Currently, TS SRs 3.4.3.2, 3.5.1.9, and 3.6.1.5.1 require that each SRV shall be manually stroked open at least once every 24 months. The proposed alternative would revise TS SRs 3.4.3.2, 3.5.1.9, and 3.6.1.5.1 to functionally test the SRV main valve and pilot valves in accordance with the DAEC 1ST program. For the SRVs, the actuator test will be performed by energizing a solenoid that pneumatically actuates a plunger. The plunger depresses the second-stage disc located within the main valve body. The test will verify movement of the plunger in accordance with the vendor recommendations.
Since the test will be performed without steam pressure, the main valve will not stroke during the test, and the test does not disturb the safety-mode first stage pilot valve. Valve testing will be performed at a steam test facility, where the valve (Le., the main valve and pilot valve) and an actuator, representative of the one used at plant, will be installed on a steam header in the same orientation as in the plant. The conditions in the test facility will be similar to those of plant installation, including ambient temperature, valve insulation, and steam conditions.
The valve will be leak tested, functionally tested to ensure the valve is capable of opening and closing (including stroke time), and leak tested a final time. Valve seat tightness will be verified by a cold bar test and, if not free of fog, leakage will be measured and verified to be below design limits. In addition, for the safety mode of the SRVs, an as-found setpoint verification and as-found leak check will be performed, followed by verification of set pressure and delay time.

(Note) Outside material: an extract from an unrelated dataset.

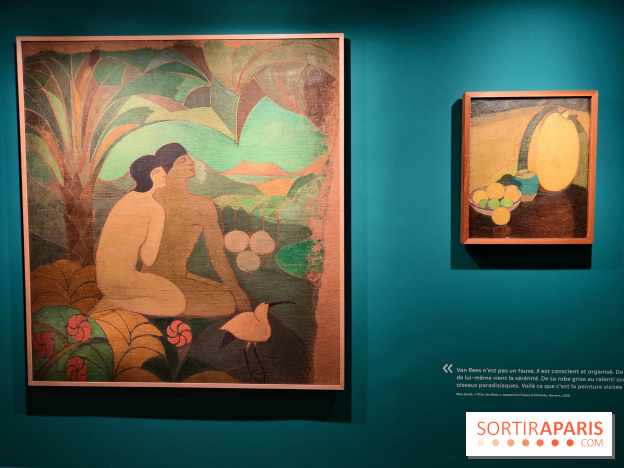 Adya & Otto van Rees. Au cœur des avant-gardes : l'exposition du musée de Montmartre - fotor 1773859700376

The valve will then be shipped to the plant for storage without any disassembly or alteration of the main valve or pilot valve components.

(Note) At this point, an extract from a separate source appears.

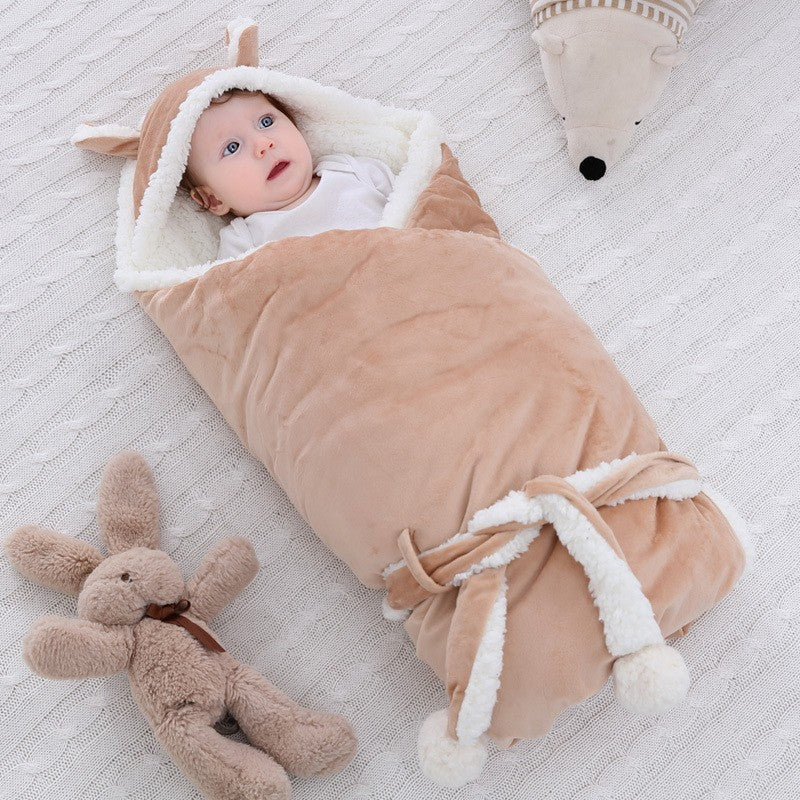 Baby Blanket Wrap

Prior to reinstallation, the valve will again be inspected for foreign material and damage. The valve can then be installed, insulated, and proper connections (both pneumatically and electrically) verified per procedure.

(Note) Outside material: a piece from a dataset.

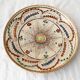 Horezu decorative plate
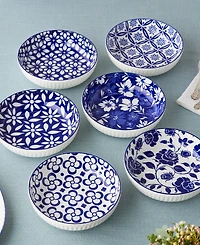 Certified International Madison Soup Bowls, Set of 6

The combination of steam testing at the test facility and actuator testing at the site will provide a complete check of the capability for the valve to open and close. Therefore, the proposed 3 changes will allow the testing of the SRVs such that full functionality is demonstrated through overlapping tests, without cycling the valves under steam pressure with the valves installed.
A potential reason for in-situ testing of the SRVs with steam is to verify that the discharge line to the suppression pool is not blocked. The probability of a relief valve discharge line being sufficiently blocked to prevent the valve from functioning is considered extremely remote. The NextEra Foreign Material Exclusion program implemented at DAEC provides the necessary requirements and guidance to prevent and control the introduction of foreign materials into structures, systems, and components.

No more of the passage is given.